- [TASK TO COMPLETE]: Nothing but the lines from the line with "Gold multi-light lamp" to the end of the records below should appear in the answer, each exactly as given.

- [TASK INPUT]:
*** Begin section ***

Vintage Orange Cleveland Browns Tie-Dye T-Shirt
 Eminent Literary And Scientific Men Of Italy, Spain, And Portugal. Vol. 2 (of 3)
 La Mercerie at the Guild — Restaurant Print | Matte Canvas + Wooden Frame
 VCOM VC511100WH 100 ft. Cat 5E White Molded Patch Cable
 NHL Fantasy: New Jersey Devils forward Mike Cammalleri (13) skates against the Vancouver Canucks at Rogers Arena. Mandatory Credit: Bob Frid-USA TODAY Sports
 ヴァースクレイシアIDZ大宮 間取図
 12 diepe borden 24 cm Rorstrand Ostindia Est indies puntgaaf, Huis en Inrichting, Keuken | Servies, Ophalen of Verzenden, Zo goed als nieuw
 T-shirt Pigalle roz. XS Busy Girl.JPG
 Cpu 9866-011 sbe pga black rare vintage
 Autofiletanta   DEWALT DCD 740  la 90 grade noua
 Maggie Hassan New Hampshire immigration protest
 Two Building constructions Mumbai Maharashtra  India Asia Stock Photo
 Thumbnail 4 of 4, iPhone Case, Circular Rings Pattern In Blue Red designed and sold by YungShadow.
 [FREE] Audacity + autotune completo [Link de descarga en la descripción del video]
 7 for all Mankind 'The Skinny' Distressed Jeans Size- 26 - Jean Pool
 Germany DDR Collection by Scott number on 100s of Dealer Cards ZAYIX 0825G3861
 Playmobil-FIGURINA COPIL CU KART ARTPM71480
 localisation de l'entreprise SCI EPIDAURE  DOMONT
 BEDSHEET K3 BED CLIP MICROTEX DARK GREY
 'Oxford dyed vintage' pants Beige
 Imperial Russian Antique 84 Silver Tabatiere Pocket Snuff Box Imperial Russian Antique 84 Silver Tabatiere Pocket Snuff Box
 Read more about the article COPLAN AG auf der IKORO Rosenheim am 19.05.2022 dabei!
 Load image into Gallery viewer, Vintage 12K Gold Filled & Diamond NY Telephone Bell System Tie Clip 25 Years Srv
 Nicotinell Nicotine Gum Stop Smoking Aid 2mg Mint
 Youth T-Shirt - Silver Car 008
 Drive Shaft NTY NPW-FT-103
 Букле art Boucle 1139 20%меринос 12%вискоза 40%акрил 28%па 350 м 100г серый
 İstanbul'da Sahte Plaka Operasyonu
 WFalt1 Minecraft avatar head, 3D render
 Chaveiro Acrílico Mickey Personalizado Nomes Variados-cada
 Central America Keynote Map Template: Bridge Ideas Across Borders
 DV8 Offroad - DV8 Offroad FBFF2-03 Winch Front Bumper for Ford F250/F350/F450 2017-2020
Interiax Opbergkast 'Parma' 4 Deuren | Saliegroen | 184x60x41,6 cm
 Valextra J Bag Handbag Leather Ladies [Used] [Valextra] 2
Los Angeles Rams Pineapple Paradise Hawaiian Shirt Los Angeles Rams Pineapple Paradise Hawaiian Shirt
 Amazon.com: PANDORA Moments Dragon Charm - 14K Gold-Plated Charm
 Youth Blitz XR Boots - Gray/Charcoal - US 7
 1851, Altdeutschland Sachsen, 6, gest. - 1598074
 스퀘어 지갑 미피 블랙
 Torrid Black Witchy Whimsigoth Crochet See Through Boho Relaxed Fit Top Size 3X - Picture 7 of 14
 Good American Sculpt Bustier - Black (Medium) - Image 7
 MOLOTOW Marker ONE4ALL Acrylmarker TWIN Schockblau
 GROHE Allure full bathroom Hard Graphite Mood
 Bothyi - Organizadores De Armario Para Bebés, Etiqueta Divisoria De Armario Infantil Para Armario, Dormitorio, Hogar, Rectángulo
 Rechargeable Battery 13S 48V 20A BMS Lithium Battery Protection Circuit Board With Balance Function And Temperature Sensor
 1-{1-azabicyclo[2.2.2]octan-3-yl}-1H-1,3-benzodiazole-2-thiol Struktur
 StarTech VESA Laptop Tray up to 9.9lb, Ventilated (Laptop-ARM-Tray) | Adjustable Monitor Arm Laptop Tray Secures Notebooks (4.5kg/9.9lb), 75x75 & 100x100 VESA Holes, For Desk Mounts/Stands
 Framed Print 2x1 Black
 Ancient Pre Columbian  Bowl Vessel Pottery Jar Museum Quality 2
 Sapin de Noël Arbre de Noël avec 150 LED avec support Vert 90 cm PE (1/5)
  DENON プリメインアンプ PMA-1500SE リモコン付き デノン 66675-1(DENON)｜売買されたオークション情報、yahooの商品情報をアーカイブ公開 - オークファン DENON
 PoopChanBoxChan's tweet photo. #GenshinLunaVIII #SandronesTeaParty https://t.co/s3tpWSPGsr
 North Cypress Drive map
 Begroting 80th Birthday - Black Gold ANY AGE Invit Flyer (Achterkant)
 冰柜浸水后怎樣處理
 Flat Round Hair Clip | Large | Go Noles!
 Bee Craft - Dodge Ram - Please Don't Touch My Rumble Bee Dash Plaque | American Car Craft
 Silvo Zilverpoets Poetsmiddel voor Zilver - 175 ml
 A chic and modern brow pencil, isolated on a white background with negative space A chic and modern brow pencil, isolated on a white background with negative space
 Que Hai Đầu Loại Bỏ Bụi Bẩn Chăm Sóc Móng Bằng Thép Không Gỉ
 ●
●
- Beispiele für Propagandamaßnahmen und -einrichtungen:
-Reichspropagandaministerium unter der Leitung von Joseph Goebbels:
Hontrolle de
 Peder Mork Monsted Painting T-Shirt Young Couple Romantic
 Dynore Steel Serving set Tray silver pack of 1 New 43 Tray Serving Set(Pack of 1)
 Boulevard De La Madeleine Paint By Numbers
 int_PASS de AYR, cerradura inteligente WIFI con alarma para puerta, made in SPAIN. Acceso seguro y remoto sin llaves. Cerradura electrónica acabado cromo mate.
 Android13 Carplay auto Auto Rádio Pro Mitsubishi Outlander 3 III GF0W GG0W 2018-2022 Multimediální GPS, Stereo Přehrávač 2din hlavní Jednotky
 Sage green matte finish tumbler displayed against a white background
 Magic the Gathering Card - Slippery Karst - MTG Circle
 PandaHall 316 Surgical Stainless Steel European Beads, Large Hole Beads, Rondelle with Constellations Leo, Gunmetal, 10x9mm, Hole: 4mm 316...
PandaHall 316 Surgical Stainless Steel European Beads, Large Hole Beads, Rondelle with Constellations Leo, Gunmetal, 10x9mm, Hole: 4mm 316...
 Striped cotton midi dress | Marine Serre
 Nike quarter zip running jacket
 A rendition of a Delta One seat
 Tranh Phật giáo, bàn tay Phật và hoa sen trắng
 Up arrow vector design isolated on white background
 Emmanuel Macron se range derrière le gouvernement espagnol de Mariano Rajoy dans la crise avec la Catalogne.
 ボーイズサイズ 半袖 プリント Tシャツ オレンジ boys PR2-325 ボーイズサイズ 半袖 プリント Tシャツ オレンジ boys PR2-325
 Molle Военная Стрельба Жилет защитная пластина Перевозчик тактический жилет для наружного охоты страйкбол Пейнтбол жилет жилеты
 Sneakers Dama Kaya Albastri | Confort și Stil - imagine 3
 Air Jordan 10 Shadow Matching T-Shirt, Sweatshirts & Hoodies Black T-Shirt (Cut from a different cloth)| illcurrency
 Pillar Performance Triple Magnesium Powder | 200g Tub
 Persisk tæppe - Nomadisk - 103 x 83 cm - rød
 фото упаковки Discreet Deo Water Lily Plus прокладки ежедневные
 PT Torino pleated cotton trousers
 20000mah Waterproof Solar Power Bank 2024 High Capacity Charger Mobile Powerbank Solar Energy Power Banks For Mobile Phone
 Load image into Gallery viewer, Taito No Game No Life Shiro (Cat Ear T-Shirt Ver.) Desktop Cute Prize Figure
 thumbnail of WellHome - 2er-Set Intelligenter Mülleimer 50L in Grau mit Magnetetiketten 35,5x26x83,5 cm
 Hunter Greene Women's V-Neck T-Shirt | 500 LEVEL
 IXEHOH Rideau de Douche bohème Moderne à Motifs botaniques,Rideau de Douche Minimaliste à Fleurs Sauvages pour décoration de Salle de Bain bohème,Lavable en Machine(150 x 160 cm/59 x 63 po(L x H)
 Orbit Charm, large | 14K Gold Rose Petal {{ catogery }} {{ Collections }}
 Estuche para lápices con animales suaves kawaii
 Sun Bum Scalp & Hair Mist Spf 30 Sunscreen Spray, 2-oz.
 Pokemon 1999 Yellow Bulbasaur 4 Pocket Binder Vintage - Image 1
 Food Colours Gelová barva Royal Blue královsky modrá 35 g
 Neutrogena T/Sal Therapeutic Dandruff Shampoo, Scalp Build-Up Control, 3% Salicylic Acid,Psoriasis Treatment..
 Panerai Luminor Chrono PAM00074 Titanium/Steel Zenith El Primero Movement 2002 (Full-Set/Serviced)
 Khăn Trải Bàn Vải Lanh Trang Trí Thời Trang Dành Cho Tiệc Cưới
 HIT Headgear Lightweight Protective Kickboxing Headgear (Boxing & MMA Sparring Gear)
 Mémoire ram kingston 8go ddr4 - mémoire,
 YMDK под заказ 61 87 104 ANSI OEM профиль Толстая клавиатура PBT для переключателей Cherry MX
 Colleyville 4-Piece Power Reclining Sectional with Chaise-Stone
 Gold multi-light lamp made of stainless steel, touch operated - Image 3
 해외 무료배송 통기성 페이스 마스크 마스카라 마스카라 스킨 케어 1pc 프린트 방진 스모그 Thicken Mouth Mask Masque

*** End section ***

- [OUTPUT FOR THIS EXERCISE]:
 Gold multi-light lamp made of stainless steel, touch operated - Image 3
 해외 무료배송 통기성 페이스 마스크 마스카라 마스카라 스킨 케어 1pc 프린트 방진 스모그 Thicken Mouth Mask Masque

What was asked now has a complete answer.